In such a scenario, the EU officials, who have been in contact with European capitals and UK counterparts, expect a resolution, possibly including the referendum, by the end of this year.
UK and EU negotiators would also have to work to amend the political declaration that outlines the future relationship, and time would be needed to ratify the agreements.
Under the EU’s current thinking, the extension can be terminated early once the UK has ratified the withdrawal agreement — the legally binding terms of Britain's departure from the EU.
However, the UK will have to hold European Parliament elections because there is little chance of MPs ratifying the Brexit deal before May 22, said a senior EU official.
Outlining the flexible extension, a senior official said: “[It] would of course require holding European Parliament elections.”
When EU leaders met at a European Council summit meeting last month, the 27 heads of state and government agreed to extend Article 50 until May 22 on the condition that MPs approved the withdrawal agreement. If they don't approve it, the UK has until next week to put forward another plan or face crashing out without a deal on April 12.
If, as expected, the deal doesn’t go through in the next few days, and the UK does eventually ask for a longer extension before the April deadline, Britain will have to hold the elections in May. The cutoff date for setting the vote is April 11.
Any extension has then to be agreed unanimously by the EU’s 27 remaining member states.

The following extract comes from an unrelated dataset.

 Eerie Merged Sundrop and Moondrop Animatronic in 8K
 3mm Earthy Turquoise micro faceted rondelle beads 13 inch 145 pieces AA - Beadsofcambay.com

The 27 leaders are unlikely to grant a short delay to the Brexit process unless British MPs approve the deal before next week’s meeting, and are not keen on the idea of multiple extensions. In effect they have left May with two options: no deal or ask for a long extension.
Any attempt by the prime minister to agree a customs union with Corbyn is likely to anger her MPs — and would not be certain to pass in Parliament. Only 36 Conservative MPs voted in favour of the arrangement in an indicative vote this week, while 236 opposed the measure.